- Education: University of Michigan
- Occupations: Producer, director, editor

= Sandy Northrop =

American film director

Sandy Northrop is an American author, producer, director, and editor who has contributed to over 25 PBS documentaries. Wind & Stars Production Group is the bannerhead under which she produces. Northrop is best known for producing Vietnam Passage: Journeys from War to Peace, a trilogy on post war Vietnam, as well as her work on the history of American editorial cartoons.

==Biography==
Northrop received a BFA in photography from the University of Michigan in 1969 and graduated from Stanford University's Masters communications program in 1972.

From 1976 to 1985, she worked for the National Geographic Society in Africa as location manager and editor on two television specials. Last Stand in Eden covered the plight of endangered elephants in Kenya and Gorillas, explored Rwanda's mountain gorillas. Northrop spent eight years producing historical montages for PBS's National Memorial Day and A Capitol Fourth live concert celebrations. In 1996 she co-authored Drawn & Quartered, with Steven Hess on the history of American editorial cartoons and their impact on political and popular culture. The book grew out an unaired television special funded by of two NEH grants.

In 1997 Northrop moved to Hanoi, Vietnam. While there she produced, directed, shot and edited Vietnam Passage: Journeys from War to Peace, a trilogy of three one-hour television specials on post-war Vietnam that premiered on PBS.
Assignment Hanoi, the first program, told the story of Pete Peterson, who having survived six years as a POW in the “Hanoi Hilton” during the war and was returning to Vietnam as the United States' first Ambassador since 1975. The second program, Vietnam Passage: Journeys from War to Peace highlighted the Vietnamese perspective on the “American” War and its aftermath. The Next Generation, the final program in the trilogy, focused on eight Vietnamese kids, born during or just after the war and their hopes for the future. The Library of Congress selected Next Generation for its permanent collection.
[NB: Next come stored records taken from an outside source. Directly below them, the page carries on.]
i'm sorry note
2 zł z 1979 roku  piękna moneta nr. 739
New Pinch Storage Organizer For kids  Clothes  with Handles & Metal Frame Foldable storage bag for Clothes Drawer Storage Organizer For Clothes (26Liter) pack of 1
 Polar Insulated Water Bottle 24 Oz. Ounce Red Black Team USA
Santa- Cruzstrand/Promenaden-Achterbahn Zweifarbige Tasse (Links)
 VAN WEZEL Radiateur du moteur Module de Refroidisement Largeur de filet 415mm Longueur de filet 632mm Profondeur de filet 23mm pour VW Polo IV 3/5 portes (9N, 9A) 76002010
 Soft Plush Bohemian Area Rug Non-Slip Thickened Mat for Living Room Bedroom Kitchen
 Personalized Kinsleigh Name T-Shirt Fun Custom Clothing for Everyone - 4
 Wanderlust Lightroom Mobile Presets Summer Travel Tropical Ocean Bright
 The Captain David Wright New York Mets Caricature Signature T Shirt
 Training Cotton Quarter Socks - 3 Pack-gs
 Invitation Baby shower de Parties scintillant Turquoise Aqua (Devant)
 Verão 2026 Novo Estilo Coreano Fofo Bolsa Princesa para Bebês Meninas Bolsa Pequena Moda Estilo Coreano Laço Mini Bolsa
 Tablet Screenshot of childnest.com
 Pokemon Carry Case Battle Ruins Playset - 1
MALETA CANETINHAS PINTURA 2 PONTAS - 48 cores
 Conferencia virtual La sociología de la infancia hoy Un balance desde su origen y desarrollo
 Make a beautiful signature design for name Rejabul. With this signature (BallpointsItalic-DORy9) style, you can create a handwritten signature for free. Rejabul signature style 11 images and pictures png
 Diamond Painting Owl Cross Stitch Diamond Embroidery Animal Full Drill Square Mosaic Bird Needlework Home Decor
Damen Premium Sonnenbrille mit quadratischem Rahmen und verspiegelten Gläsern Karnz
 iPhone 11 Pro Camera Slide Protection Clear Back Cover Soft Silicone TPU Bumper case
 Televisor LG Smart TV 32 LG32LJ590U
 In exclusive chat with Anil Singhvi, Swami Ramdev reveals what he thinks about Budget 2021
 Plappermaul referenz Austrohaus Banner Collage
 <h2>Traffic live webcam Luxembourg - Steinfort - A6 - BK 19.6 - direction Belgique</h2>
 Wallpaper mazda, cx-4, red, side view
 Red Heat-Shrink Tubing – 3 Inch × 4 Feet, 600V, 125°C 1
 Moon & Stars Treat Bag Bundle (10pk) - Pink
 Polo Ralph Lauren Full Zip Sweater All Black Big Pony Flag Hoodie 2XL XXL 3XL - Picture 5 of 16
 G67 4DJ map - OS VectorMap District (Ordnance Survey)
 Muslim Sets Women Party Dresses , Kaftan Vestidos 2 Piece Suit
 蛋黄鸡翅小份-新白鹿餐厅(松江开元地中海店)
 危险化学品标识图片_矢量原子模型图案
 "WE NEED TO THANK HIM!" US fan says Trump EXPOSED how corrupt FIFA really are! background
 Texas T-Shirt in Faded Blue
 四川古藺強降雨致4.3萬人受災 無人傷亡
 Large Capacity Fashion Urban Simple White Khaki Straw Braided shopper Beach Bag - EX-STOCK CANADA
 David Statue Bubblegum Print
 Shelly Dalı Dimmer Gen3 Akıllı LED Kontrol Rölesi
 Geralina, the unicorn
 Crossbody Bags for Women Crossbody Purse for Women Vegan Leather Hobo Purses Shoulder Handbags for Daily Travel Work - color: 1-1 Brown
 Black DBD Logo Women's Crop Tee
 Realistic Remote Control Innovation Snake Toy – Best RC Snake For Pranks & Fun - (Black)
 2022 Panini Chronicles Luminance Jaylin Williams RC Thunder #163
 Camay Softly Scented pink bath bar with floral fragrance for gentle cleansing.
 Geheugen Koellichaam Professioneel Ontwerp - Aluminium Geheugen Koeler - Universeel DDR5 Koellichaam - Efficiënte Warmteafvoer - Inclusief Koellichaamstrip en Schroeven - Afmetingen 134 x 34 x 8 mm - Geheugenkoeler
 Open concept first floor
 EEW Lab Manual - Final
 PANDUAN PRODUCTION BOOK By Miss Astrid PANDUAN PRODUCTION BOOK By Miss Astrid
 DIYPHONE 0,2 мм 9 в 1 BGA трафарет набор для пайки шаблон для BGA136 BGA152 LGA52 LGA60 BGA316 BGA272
After returning to the United States, Northrop combined her experience in filmmaking and political cartoons to produce two segments for The NewsHour with Jim Lehrer on the 2004 presidential race as seen by the cartoonists. Northrop followed The Economist's Kevin Kallaugher who was making the transition for two-dimensional to three dimensional caricatures. The resulting film, The World According to Kal, screened at the exhibit Mightier Than the Sword: The Satirical Pen of Kal, at the Walters Art Museum in Baltimore the summer of 2006. Northrop also curated a retrospective on United States Presidential Elections, 1796–2008, as covered by editorial cartoonists, for the Newseum in 2008. In 2011, Northrop and Steven Hess published American Political Cartoons: The Evolution of a National Identity 1754–2010.